§ **Dataset excerpts**
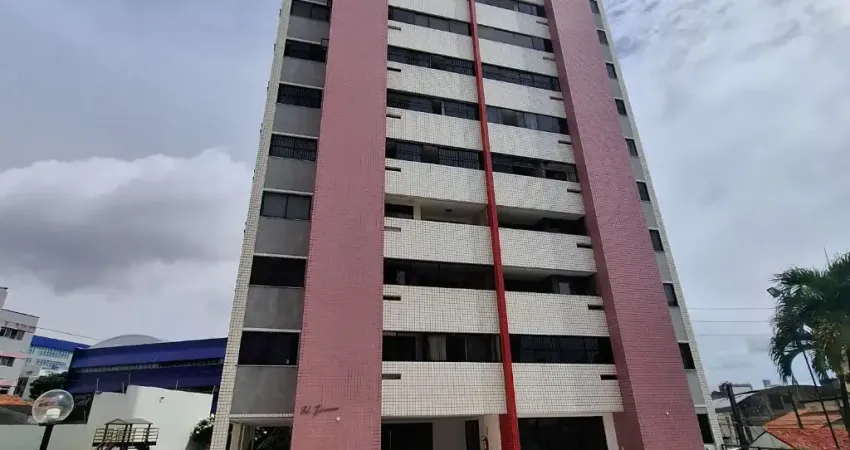 Apartamento com 3 quartos à venda no Aldeota, Fortaleza 
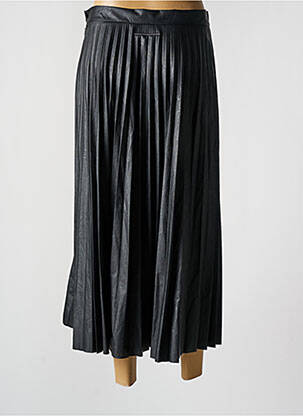 Fustă lungă negru MAISON MARTIN MARGIELA femeie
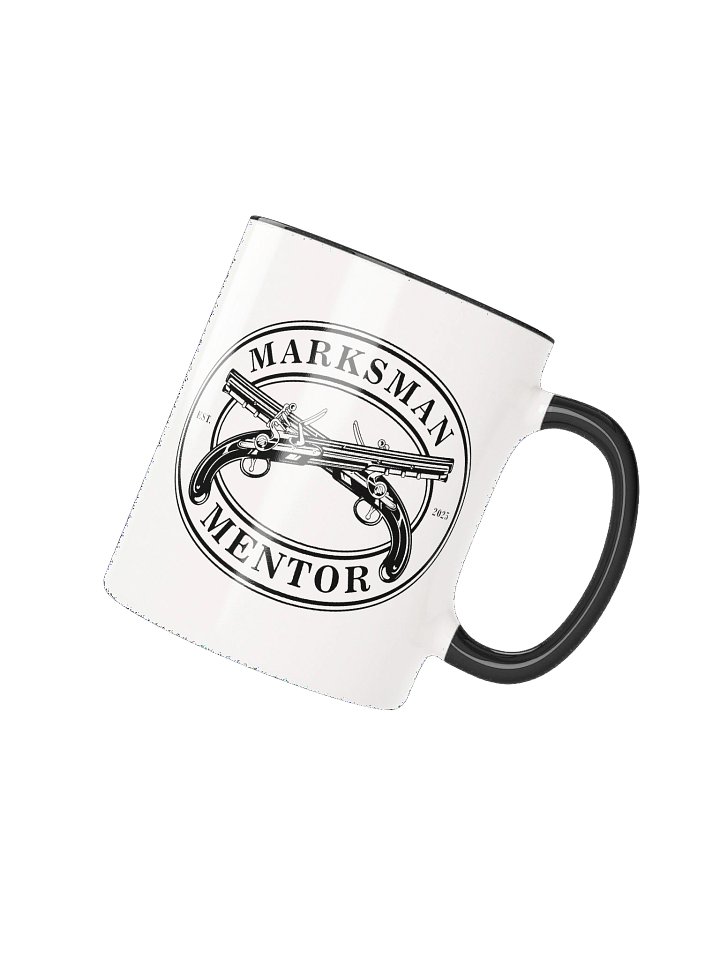 Classic Coffee Cup product image (3)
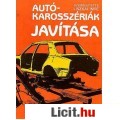 Eladó Liszkai Imre: AUTÓKAROSSZÉRIÁK JAVÍTÁSA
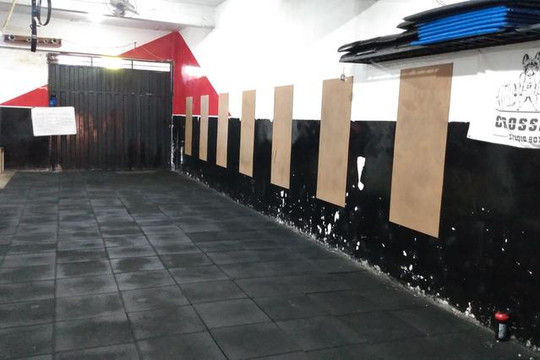 Imagem 3 da galeria do parceiro Garage 1232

§ **What is required**
What you need to copy is the run of lines from the one holding "Fustă lungă negru" through the end of the data, exactly and only, both ends included, pictures omitted.

§ **Answer to the exercise**
 Fustă lungă negru MAISON MARTIN MARGIELA femeie
 Classic Coffee Cup product image (3)
 Eladó Liszkai Imre: AUTÓKAROSSZÉRIÁK JAVÍTÁSA
 Imagem 3 da galeria do parceiro Garage 1232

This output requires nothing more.